Um dos casos mais claros de assédio judicial contra uma jornalista brasileira ocorreu em 2007, quando a repórter Elvira Lobato foi alvo de 111 processos. O motivo foi a reportagem “Universal chega aos 30 anos com império empresarial” publicada na Folha de S.Paulo, em que mostrava como a Igreja Universal do Reino de Deus, a maior denominação evangélica neopentecostal do país, havia construído um “império”, que inclui emissoras de TV e rádio, gráficas, jornais e até uma empresa de táxi aéreo. Mesmo inocentada em todas as ações, o desgaste provocou consequências profundas, como a decisão de a jornalista de abandonar a profissão.

"Quando as ações começaram, para nossa completa surpresa, eu me senti sem condição de continuar cobrindo a Igreja Universal do Reino de Deus. Não que houvesse alguma ordem judicial, mas porque eu achava que havia perdido a coisa mais importante que um jornalista deve ter: a imparcialidade, a isenção. Se havia 111 ações contra mim, eu não era mais imparcial nos assuntos da igreja. Com isso, ela me neutralizou completamente", disse Lobato em entrevista à TV Cultura em dezembro de 2020. “Foi tão impactante para mim, tão doloroso esse processo, que isso acabou precipitando a minha aposentadoria."
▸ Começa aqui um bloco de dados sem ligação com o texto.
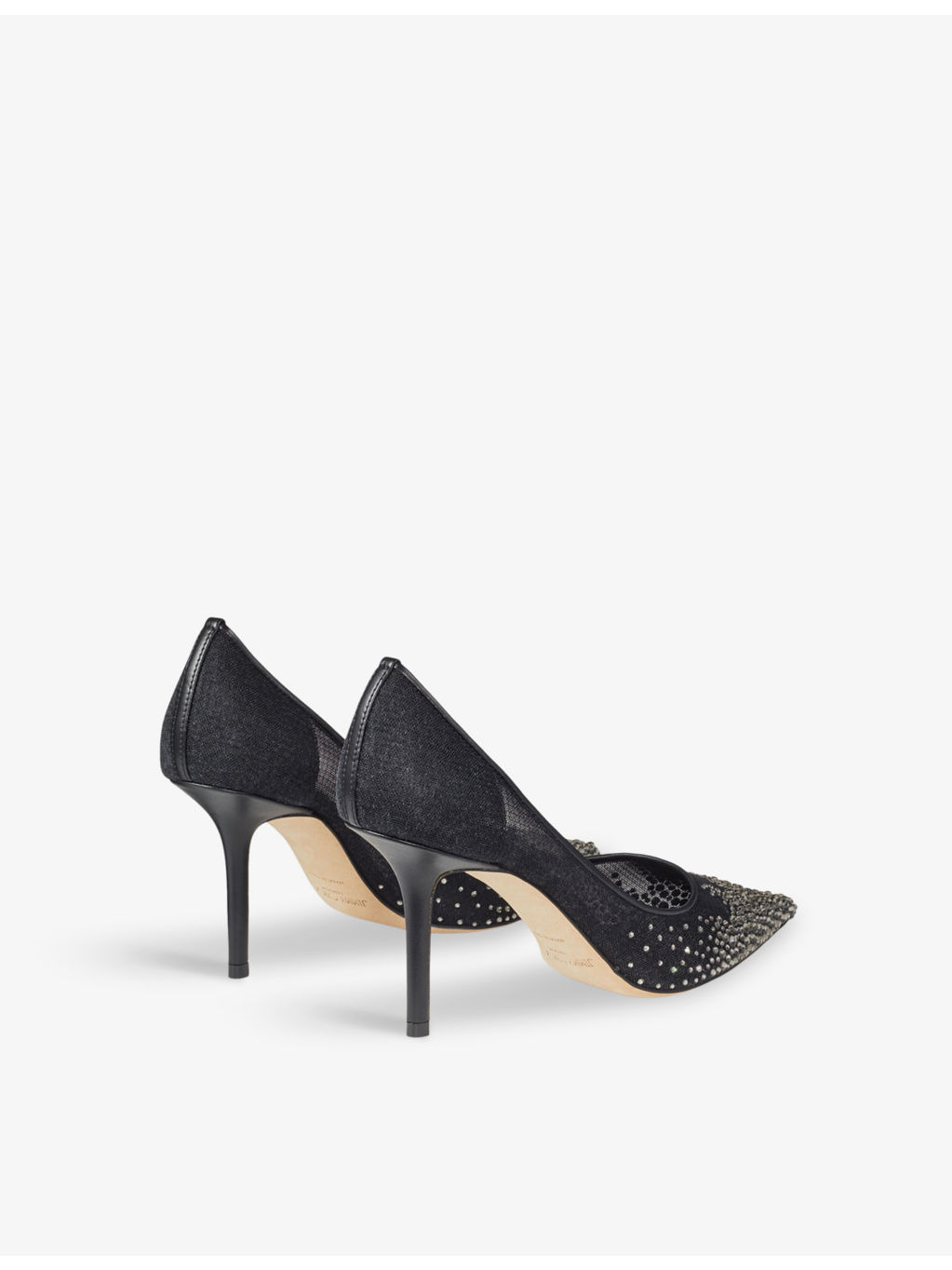 Love 85 crystal-embellished mesh pumps - 5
Para jornalistas independentes e veículos de pequeno porte, uma condenação cível pode representar o fim. É o caso do Jornal Já, de Porto Alegre. Em 2001, após uma série de reportagens sobre um político local acusado de corrupção, o jornal foi processado. Foi inocentado criminalmente, mas condenado na área cível a pagar uma indenização à mãe do acusado por danos morais, o que desestabilizou o funcionamento do veículo e culminou no fim da sua edição impresa.
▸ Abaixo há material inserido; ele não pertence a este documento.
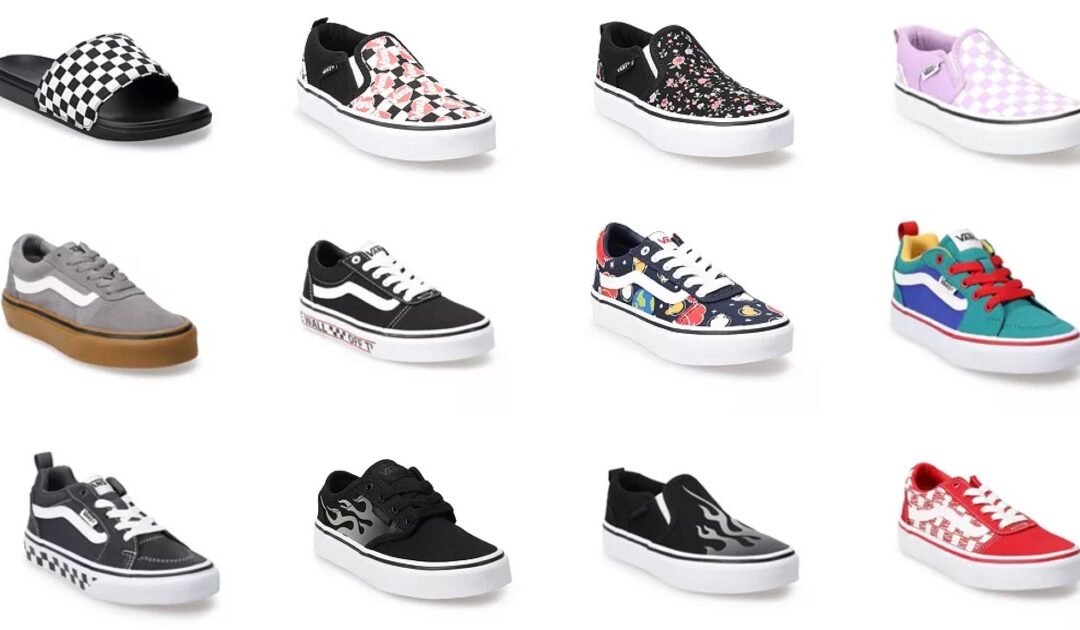 Kohl’s – Vans Para Niños tan Bajos Como $27.99 (Reg. $45)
Assessoria jurídica para jornalistas

Em outra frente da mesma batalha, a Abraji lançou o Programa de Proteção Legal para Jornalistas. A iniciativa é uma “resposta ao crescimento das ameaças à liberdade de imprensa e do assédio judicial a jornalistas e comunicadores do Brasil,” diz a Abraji no comunicado que anuncia o programa.

“Destacaria dois tipos mais frequentes de assédio judicial a jornalistas, ambos com o objetivo de intimidar e cercear o livre exercício da profissão. O primeiro são os pedidos de retirada de conteúdo do ar, mapeados pelo projeto Ctrl-X. São mais de 5.500 processos na base de dados, desde o início do projeto, em 2014, a maior parte movidos por políticos. O segundo é o uso dos Juizados Especiais Cíveis (JECs), criados para resolver causas mais simples, mas que têm sido usados para processar jornalistas. Um exemplo recente de uso do JEC é o caso do colunista Reinaldo Azevedo, processado no JEC de Curitiba pelo procurador Deltan Dallagnol,” disse à LJR a secretária-executiva da Abraji, Cristina Zahar.

No primeiro ano, o objetivo é defender até seis jornalistas que estejam sendo vítimas de tentativa de silenciamento através de ações judiciais e pedidos de indenização muito além das suas capacidades financeiras. Por isso, a Abraji vai priorizar profissionais independentes e freelancers, que não contam com apoio de advogados contratados por empresas de comunicação. O programa também considera auxilar jornalistas que queiram processar por danos morais aqueles que os assediam na Justiça.

Os jornalistas e comunicadores interessados podem se cadastrar neste formulário. Os casos serão analisados pela assessoria jurídica da Abraji, com prioridade para os casos mais urgentes e com prazos mais curtos.